Analyze the impact of infrastructure design on the existing and planned technical environment.

  • Assess current applications.

  • Analyze network infrastructure, protocols, and hosts.

  • Evaluate network services.

  • Analyze TCP/IP infrastructure.

  • Assess current hardware.

  • Identify existing and planned upgrades and rollouts.

  • Analyze technical support structure.

  • Analyze existing and planned network and systems management.

This objective addresses the considerations that must be made to determine the impact of a new network infrastructure design on the existing network infrastructure. Windows 2000 was designed to be deployed gradually. To successfully deploy, you must fully understand the areas where changes to the existing infrastructure will be the most disruptive and plan accordingly. You must also be able to identify the areas of the existing network infrastructure requiring improvement or change.

  • Analyze the network requirements for client computer access.

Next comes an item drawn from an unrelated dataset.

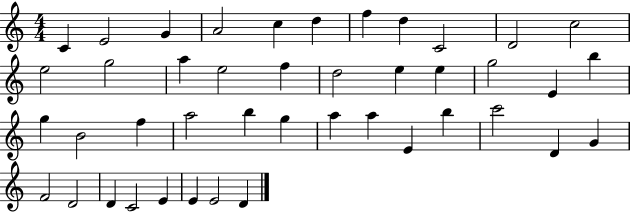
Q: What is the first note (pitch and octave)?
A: C4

  • Analyze end-user work needs.

  • Analyze end-user usage patterns.

The primary function of any network infrastructure is to support the needs of the end users. This objective will help you learn to identify the needs of the end-user community and focus your network infrastructure design on meeting those needs.

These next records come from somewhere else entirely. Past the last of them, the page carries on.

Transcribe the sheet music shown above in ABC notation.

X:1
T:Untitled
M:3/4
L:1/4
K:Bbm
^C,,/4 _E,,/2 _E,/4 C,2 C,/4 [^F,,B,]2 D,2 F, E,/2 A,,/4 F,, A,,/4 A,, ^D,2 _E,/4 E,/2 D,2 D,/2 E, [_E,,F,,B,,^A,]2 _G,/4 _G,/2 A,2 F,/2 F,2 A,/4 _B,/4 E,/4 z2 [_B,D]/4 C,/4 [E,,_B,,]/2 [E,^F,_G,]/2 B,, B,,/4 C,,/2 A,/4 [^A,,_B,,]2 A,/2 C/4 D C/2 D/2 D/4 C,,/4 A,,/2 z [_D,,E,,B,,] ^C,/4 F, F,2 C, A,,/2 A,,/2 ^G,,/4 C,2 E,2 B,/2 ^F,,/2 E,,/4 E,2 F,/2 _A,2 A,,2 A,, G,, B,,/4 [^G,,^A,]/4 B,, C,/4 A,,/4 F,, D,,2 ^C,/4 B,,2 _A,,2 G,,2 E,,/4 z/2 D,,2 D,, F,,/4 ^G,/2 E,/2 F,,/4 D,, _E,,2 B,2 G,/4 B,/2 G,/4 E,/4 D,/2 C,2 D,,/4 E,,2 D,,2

Analyze the existing disaster recovery strategy for client computers, servers, and the network.

This objective helps you examine the disaster recovery strategies that exist to support the current network infrastructure. You will need to consider these strategies and determine whether they are sufficient for the existing infrastructure as well as for the new network infrastructure design.


  • Introduction

  • Evaluating Technical Environment and Goals

    • Analyze Company Size and User and Resource Distribution

    • Assessing Available Connectivity

    • Assessing Bandwidth and Latency

    • Performance, Scalability, and Availability

    • Data and System Access

    • Network Roles and Responsibilities

    • Security Considerations

      • Physical Security

      • Internal Access Security

      • External Access Security

  • Analyzing the Impact of Infrastructure Design

    • Applications

    • Network Infrastructure, Protocols, and Hosts

    • Network Services

    • TCP/IP Infrastructure

      • The IP Addressing Scheme

      • The IP Address Assignment Process

      • The Host Name Registration Process

      • The Host Name Resolution Process

    • Hardware

    • Upgrades and Rollouts

    • Technical Support Structure

    • Network and Systems Management

  • Analyzing Client Computer Access Requirements

    • End-User Work Needs

    • End-User Usage Patterns

  • Analyzing Disaster Recovery Strategies

    • Tape Backup Strategies

    • Hardware Failure Recovery Strategies

    • Power and Other Environmental Failure Recovery Strategies

    • Data Line and Cable Failure Recovery Strategies

    • System Code Failure Recovery Strategies

    • Ultimate Recovery from Acts of God

  • Chapter Summary

  • Apply Your Knowledge

Study Strategies

The material in this chapter is not necessarily Microsoft-specific. The approach to network analysis that you take in this chapter will serve you well on any network project. Remember as you learn these techniques that many of them can be transferred to other non-Microsoft projects.

Much of the material in this chapter dealing with basic networking was previously covered on the MCSE 4.0 exam Networking Essentials. Because Microsoft has eliminated this exam requirement in the MCSE 2000 track, I recommend reviewing Network+ Certification Guide (New Riders Publishing, ISBN 073570077X) and Network+ Fast Track (New Riders Publishing, ISBN 0735709041).

Pay particular attention to the Case Study that we develop in this chapter. Case studies are an excellent way to learn and begin to understand network design concepts.

As you read the material presented in this chapter, try to associate it with events in your own experience. Think about network projects that you have been involved with, and try to determine if any of the steps described in this chapter were performed for those projects. What was the outcome as a result of design planning strategies?